Il faut tout d’abord décider d’une grande remise à plat du système fiscal national. De quels outils fiscaux avons-nous besoin ? D’une part pour une nouvelle maîtrise et une autre utilisation de l’argent issue de la production des entreprises car pour l’essentiel c’est à ce niveau que tout se joue. D’autre part pour quelle finalité de l’ensemble des impôts et des procédures fiscales ? Deux questions dont découle toute une série, par exemple : quelle nature d’imposition, quelle fonction de la fiscalité pour une nouvelle efficacité sociale et écologique ? Que cherche-t-on à valoriser : les fruits du travail, la lutte contre tous les gâchis ou le capital et la rente ? Quels objectifs assigne-t-on aux bénéfices des entreprises ? Quelle voie propose-t-on à ces dernières pour affirmer leurs liens aux territoires ? Mais au-delà, quels sont les moyens que nous voulons mobiliser pour financer le développement de l’État et des collectivités locales, particulièrement de leurs services publics ? Quel équilibre, quelle dynamique souhaitons-nous soutenir entre tous ces niveaux d’intervention ? En résumé, que voulons-nous pour demain : investir pour l’humain et la planète ou soutenir les dividendes et la prédation des marchés financiers ?
Si répondre à de telles questions commence par prendre des dispositions précises ici en France, elles ne peuvent plus aujourd’hui se concevoir en vase clos. Les interconnections industrielles, économiques et financières sont telles qu’au minimum il nous faut travailler en même temps une évolution des relations et des comportements fiscaux au niveau de l’ensemble de l’Europe. Créer les conditions de réelles coopérations fiscales entre pays de l’Europe pour une nouvelle harmonisation par l’installation de ce qui pourrait être un serpent fiscal européen et des commissions de l’harmonisation, véritables institutions, à Bruxelles et dans chaque pays de l’Union, devrait être un des objectifs à mener de pair pour une révolution fiscale qui pourrait prendre forme jusqu’au niveau mondial dans des structures propres liées à l’ONU.

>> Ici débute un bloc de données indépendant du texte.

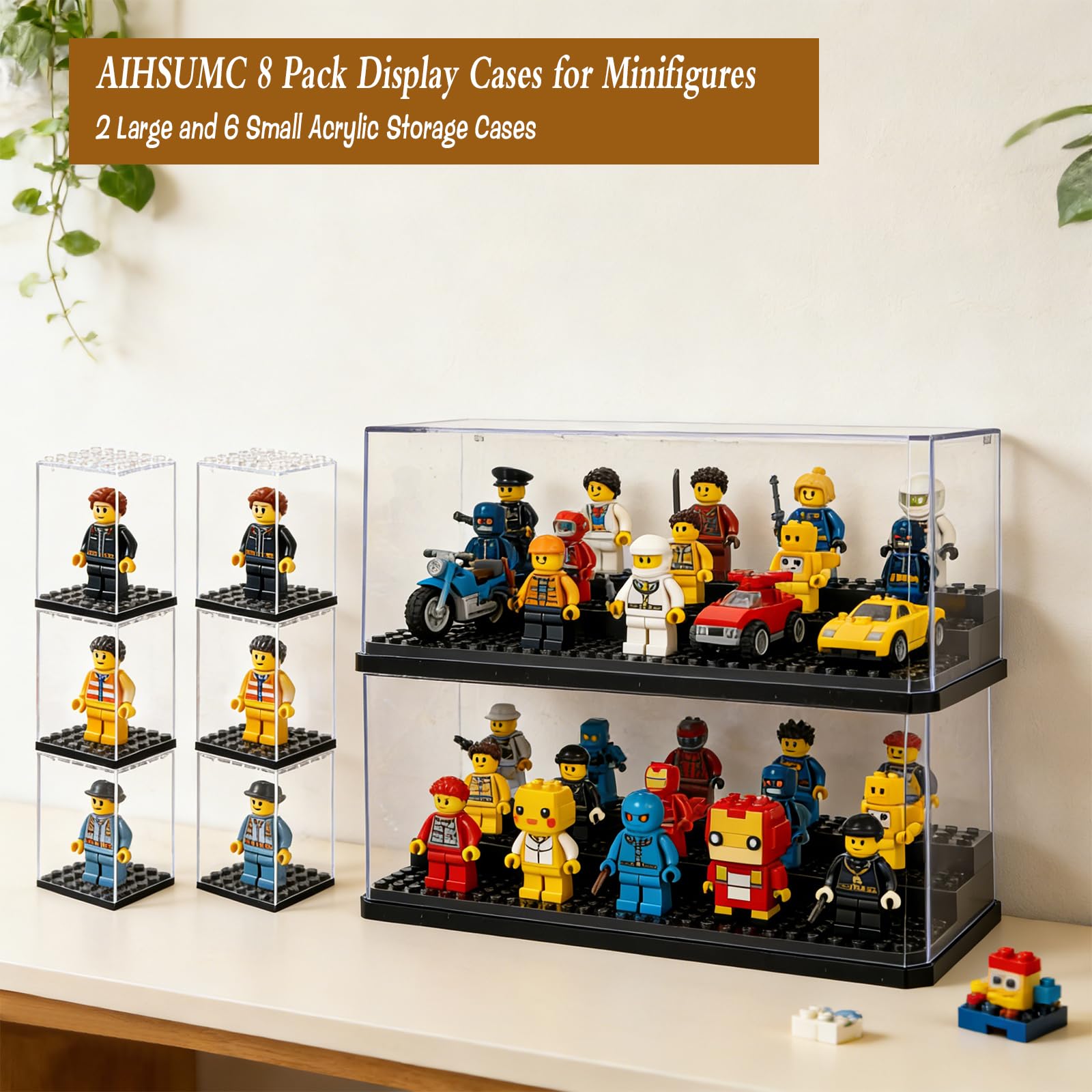 Amazon.co.jp: AIHSUMC ミニフィギュア用ディスプレイケース 8個パック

Enfin, mener à bien un tel chantier suppose une réorganisation profonde de l’ensemble du ministère des Finances et des administrations financières qui le composent en lien avec la création d’emplois et l’élévation du niveau de formation de chaque agent. Une nouvelle organisation qui pour être efficace doit s’appuyer sur de nouveaux leviers démocratiques. D’une part, sur de nouveaux droits et moyens d’intervention des personnels avec de réels pouvoirs, dans la définition des missions et l’organisation des services. Et d’autre part, sur un droit d’alerte et de saisine des administrations financières par les salariés des entreprises et leurs représentants.